Urology - pyelonephritis Flashcards
Risk factors for pyelonephritis
Female sex
Structural urological abnormalities
Vesico-ureteric reflux (urine refluxing from the bladder to the ureters – usually in children)
Diabetes
Causes of pyelonephritis
E.Coli (most common)
Other causes: Klebsiella pneumoniae (gram-negative anaerobic rod) Enterococcus Pseudomonas aeruginosa Staphylococcus saprophyticus Candida albicans (fungal)
Presentation of pyelonephritis
LUTS plus triad of:
- Fever
- Loin or back pain
- Nausea and vomiting
Also may have: Systemic illness Loss of appetite Haematuria Renal angle tenderness on examination
Investigations in suspected pyelonephritis
Urine dipstick
MSU for MC+S
Bloods - FBC, CRP
Imaging to exclude other pathology may be needed e.g. kidney stones or abscesses. This could be an ultrasound or CT scan.
Management of pyelonephritis
7-10 days of antibiotics (one of these):
- Cefalexin
- Co-amoxiclav (if culture results are available)
- Trimethoprim (if culture results are available)

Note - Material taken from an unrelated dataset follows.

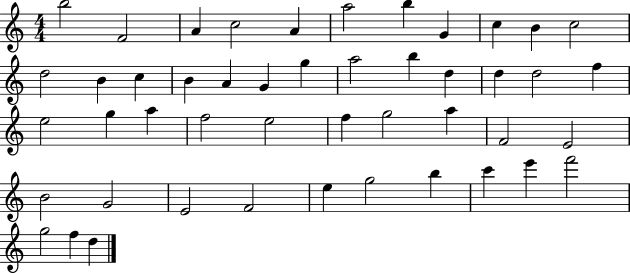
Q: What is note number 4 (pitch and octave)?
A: C5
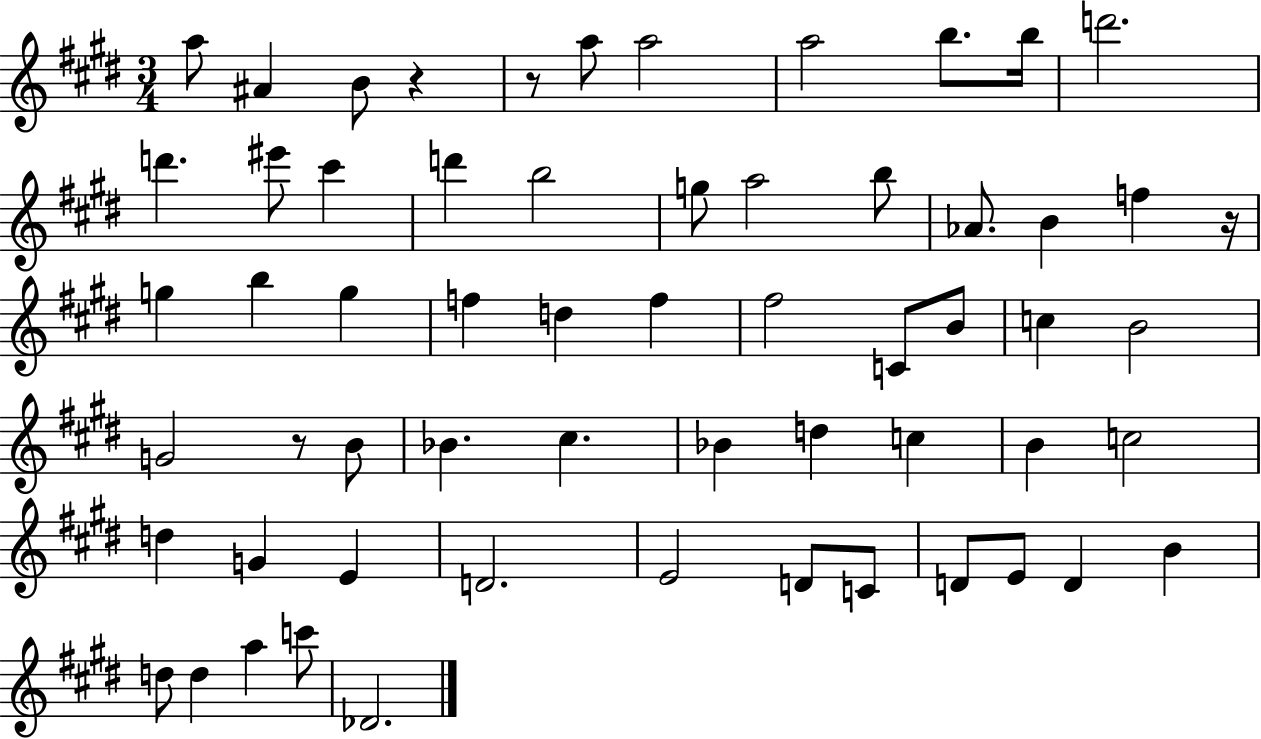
A5/e A#4/q B4/e R/q R/e A5/e A5/h A5/h B5/e. B5/s D6/h. D6/q. EIS6/e C#6/q D6/q B5/h G5/e A5/h B5/e Ab4/e. B4/q F5/q R/s G5/q B5/q G5/q F5/q D5/q F5/q F#5/h C4/e B4/e C5/q B4/h G4/h R/e B4/e Bb4/q. C#5/q. Bb4/q D5/q C5/q B4/q C5/h D5/q G4/q E4/q D4/h. E4/h D4/e C4/e D4/e E4/e D4/q B4/q D5/e D5/q A5/q C6/e Db4/h.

- Ciprofloxacin (keep tendon damage and lower seizure threshold in mind)
If patients with pyelonephritis aren’t responding well to treatment or there are significant symptoms think of…
Renal abscess
Kidney stone, obstructing ureter causing pyelonephritis
What is a potential risk in pyelonephritis?
Chronic pyelonephritis presents with recurrent episodes of infection in the kidneys.

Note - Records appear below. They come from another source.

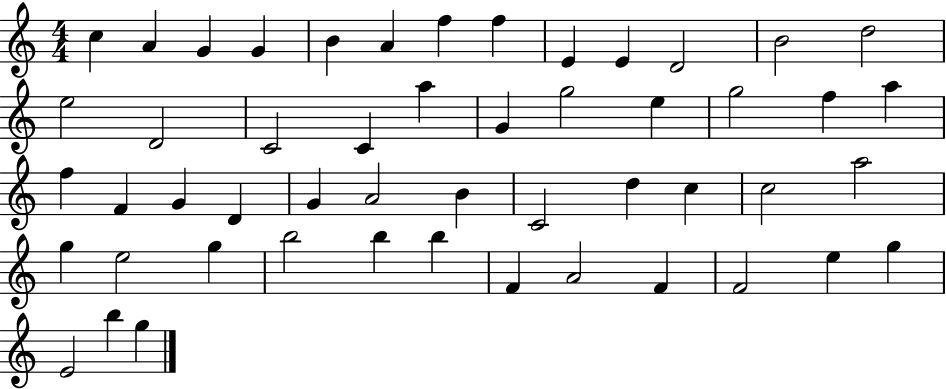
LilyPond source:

{
  \clef treble
  \numericTimeSignature
  \time 4/4
  \key c \major
  c''4 a'4 g'4 g'4 | b'4 a'4 f''4 f''4 | e'4 e'4 d'2 | b'2 d''2 | \break e''2 d'2 | c'2 c'4 a''4 | g'4 g''2 e''4 | g''2 f''4 a''4 | \break f''4 f'4 g'4 d'4 | g'4 a'2 b'4 | c'2 d''4 c''4 | c''2 a''2 | \break g''4 e''2 g''4 | b''2 b''4 b''4 | f'4 a'2 f'4 | f'2 e''4 g''4 | \break e'2 b''4 g''4 | \bar "|."
}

Recurrent infections lead to scarring of the renal parenchyma, leading to chronic kidney disease (CKD).
It can progress to end-stage renal failure.
What scan can be done to assess for renal scarring as a result of recurrent pyelonephritis?
DMSA scan (Dimercaptosuccinic acid)
Involves injecting radiolabeled DMSA, which builds up in healthy kidney tissue.
When imaged using gamma cameras, it indicates scarring or damage in areas that do not take up the DMSA.